Pinson argues that the government only proved that he received $12,000 from the PDM Management invoice and could not prove that the remaining money was not legitimately earned by PDM Management. The Fourth Circuit has held that the preponderance standard, not the reasonable doubt standard, governs forfeiture under § 982(a)(1). Cherry, 330 F.3d at 669. Although the Fourth Circuit has not explicitly decided the standard of proof applicable to a forfeiture determination under § 1963, the Fourth Circuit has recognized that other circuits have suggested that the preponderance standard may apply.

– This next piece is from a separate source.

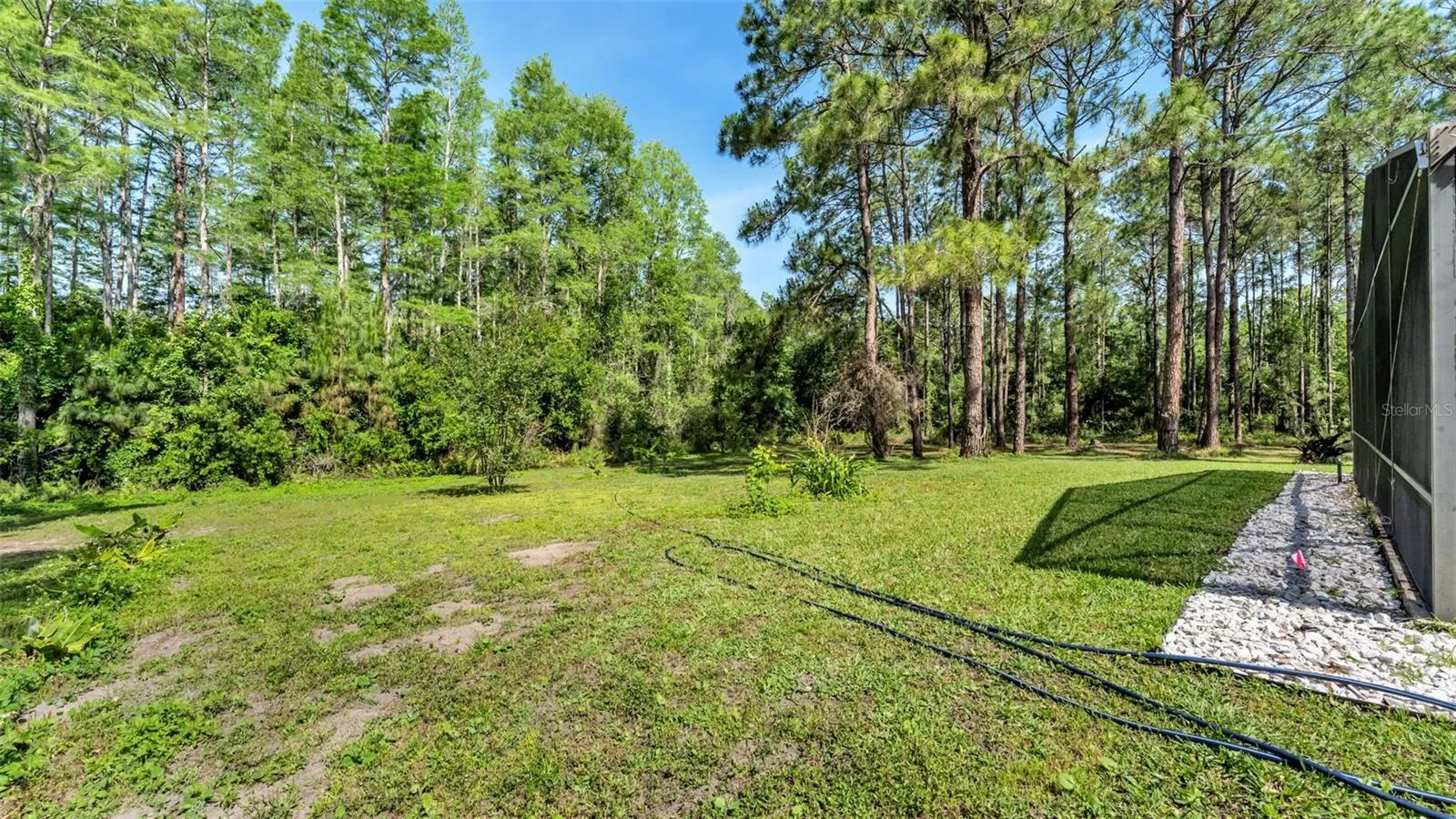 Back of property towards 2nd lot and wetlands area to the L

Cherry, 330 F.3d at 669, n.18 ("While we have not decided the standard of proof applicable to forfeiture determination under § 1963, other circuits have suggested that the preponderance standard may apply." (citing United States v. Houlihan, 92 F.3d 1271, 1299 n. 33 (1st Cir. 1996))). Thus, the government must prove the requisite nexus between the money sought and the crime charged by a preponderance of the evidence. Herder, 594 F.3d at 364. Courts within and outside of the Fourth Circuit, including the First, Second, Third, and Seventh Circuits, have applied the "but for" test to determine whether the government has established the requisite nexus. See, e.g., United States v. DeFries, 129 F.3d 1293, 1313 (D.C. Cir. 1997); United States v. Angiulo, 897 F.2d 1169, 1213 (1st Cir. 1990); United States v. Ofchinick, 883 F.2d 1172, 1183 (3d Cir. 1989); United States v. Porcelli, 865 F.2d 1352, 1365 (2d Cir. 1989); United States v. Horak, 833 F.2d 1235, 1242-43 (7th Cir. 1987); United States v. Farkas, 2011 WL 5101752, at *3 (E.D. Va. Oct. 26, 2011); United States v. Benyo, 384 F. Supp. 2d 909, 914 (E.D. Va. 2005); United States v. Ivanchukov, 405 F. Supp. 2d 708 (E.D. Va. 2005). Under the "but for" test, property is subject to forfeiture if the defendant would not have received it but for his illegal activities. Farkas, 2011 WL 5101752 at *3.
Further, section 853 "is not limited to property that the defendant acquired individually but includes all property that the defendant derived indirectly from those who acted in concert with him in furthering the criminal enterprise." McHan, 101 F.3d at 1043 (internal quotations omitted). "Just as conspirators are substantively liable for the foreseeable criminal conduct of a conspiracy's other members, they are responsible at sentencing for co-conspirators' reasonably foreseeable acts and omissions . . . in furtherance of the jointly undertaken criminal activity." Id. "[I]n cases involving the RICO forfeiture statute, courts have unanimously concluded that conspirators are jointly and severally liable for amounts received pursuant to their illicit agreement." Id.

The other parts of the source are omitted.